Records excerpted from a collection
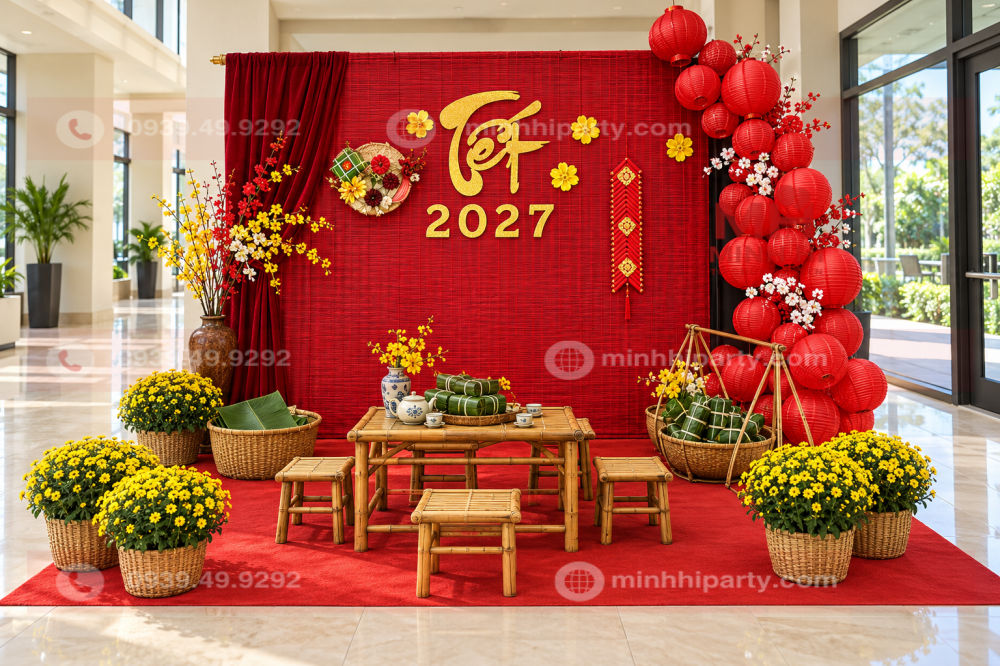 Decor tiểu cảnh tết 2027 với bánh tét cho góc sum hợp
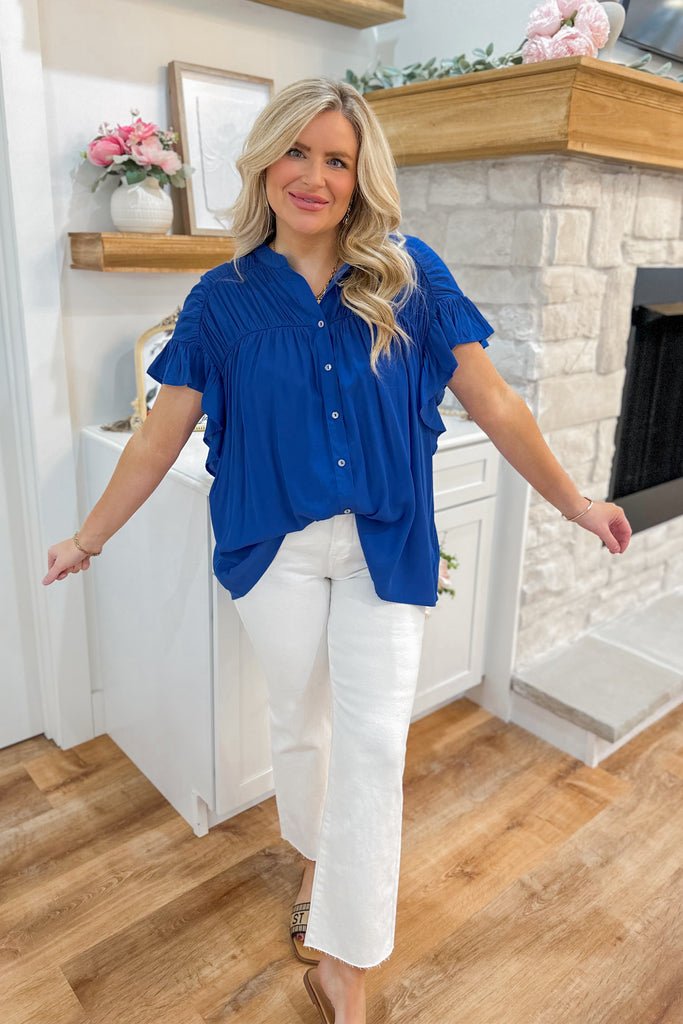 Lavinia Short Ruffled Sleeve Button Up Top Blouse - Be You Boutique
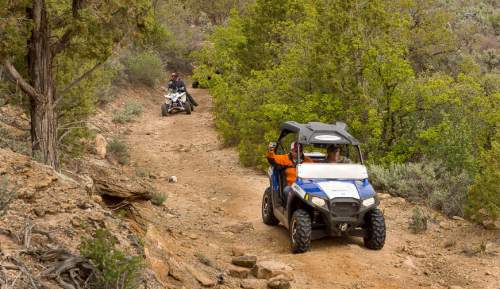 Trent Nelson  |  The Salt Lake Tribune
San Juan County Commissioner Phil Lyman drives through Recapture Canyon, which has been closed to motorized use since 2007. Saturday May 10, 2014 north of Blanding.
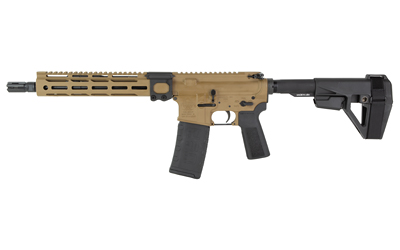 Detailed view of a tan semi-automatic rifle.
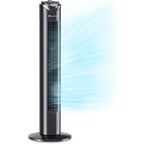 Comfort Zone 32-Inch Oscillating Tower Fan – Ultra-Slim Bladeless Design With 3 Speeds, 90° Wide Oscillation & Built-In Carry Handle – Quiet Portable Standing Fan For Bedroom, Home, Or Office, Black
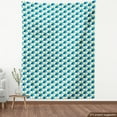 thumbnail image 4 of Abstract Fabric by the Yard, Geometric Triangles in Various Tones Isometric Rhombus Shapes, Upholstery Fabric for Dining Chairs Home Decor Accents, Pale Green Petrol Blue by Ambesonne, 4 of 5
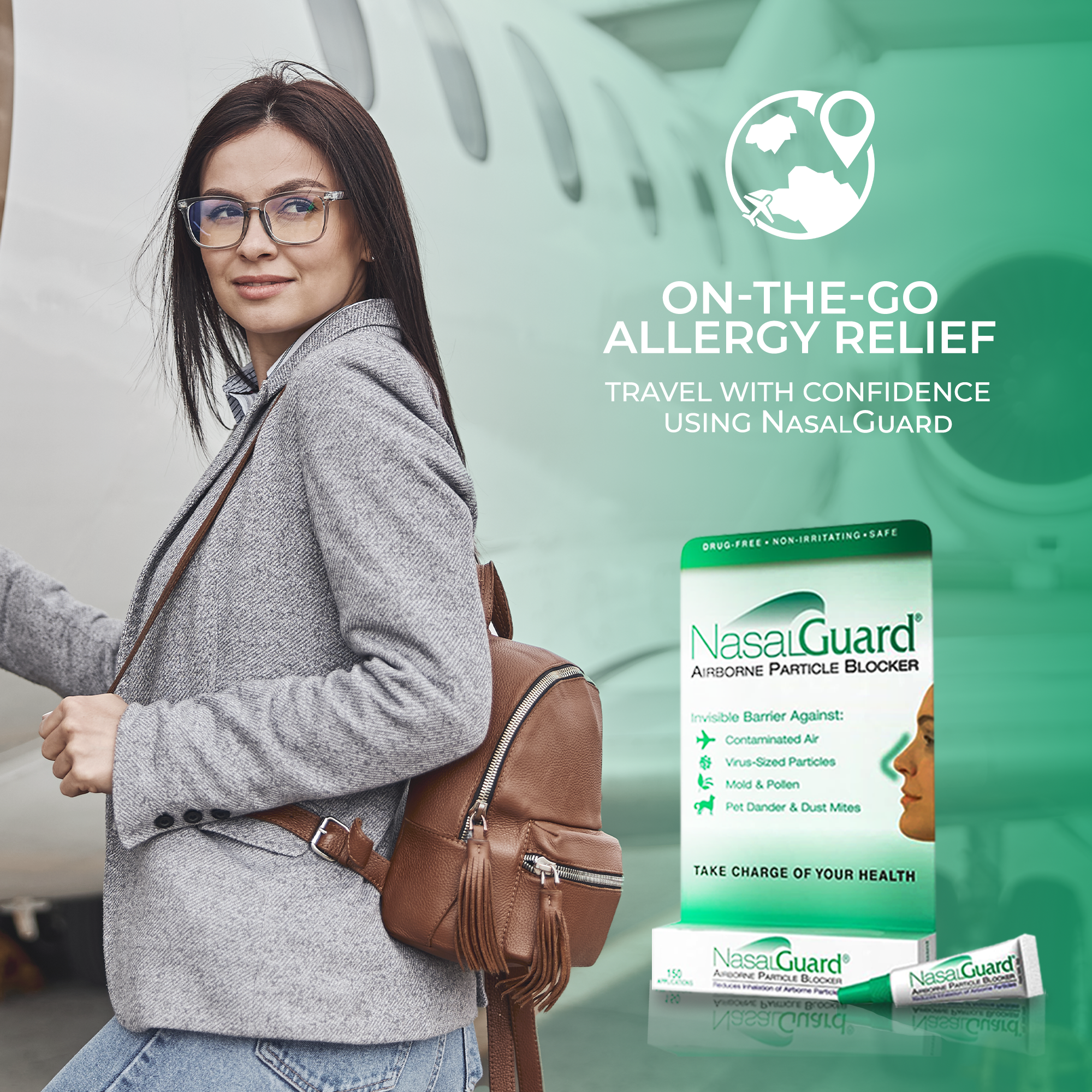 NasalGuard Airborne Particle Blocker | Allergy Prevention Gel | Cool Menthol | 10g Tube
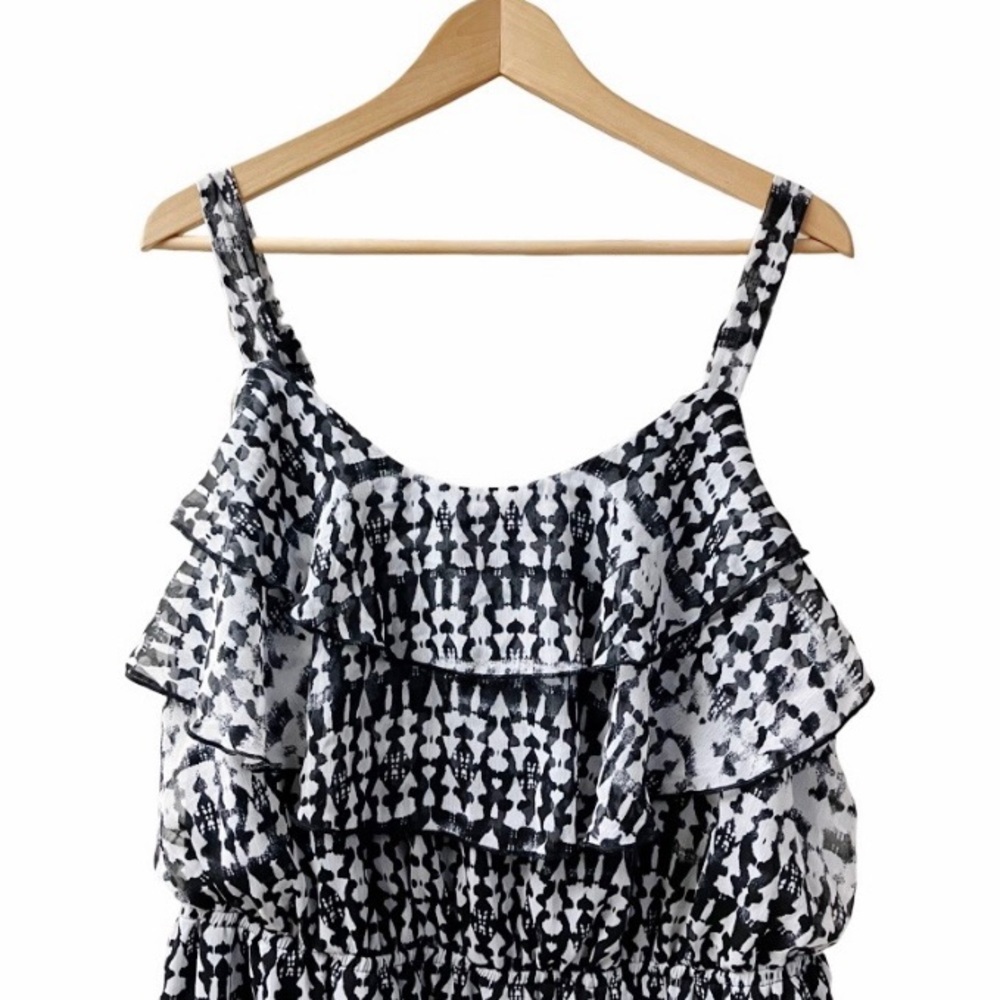 FADED GLORY Vintage Sun Dress 3X (22W-24W) Chiffon Ruffle Adjustable Strap NEW - Picture 2 of 9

What is being asked:
An exact copy is required of the lines from the start of the records above through the line with "Detailed view of a tan semi-automatic rifle.", and only those, without any pictures.

Exercise response:
 Decor tiểu cảnh tết 2027 với bánh tét cho góc sum hợp
 Lavinia Short Ruffled Sleeve Button Up Top Blouse - Be You Boutique
 Trent Nelson  |  The Salt Lake Tribune
San Juan County Commissioner Phil Lyman drives through Recapture Canyon, which has been closed to motorized use since 2007. Saturday May 10, 2014 north of Blanding.
 Detailed view of a tan semi-automatic rifle.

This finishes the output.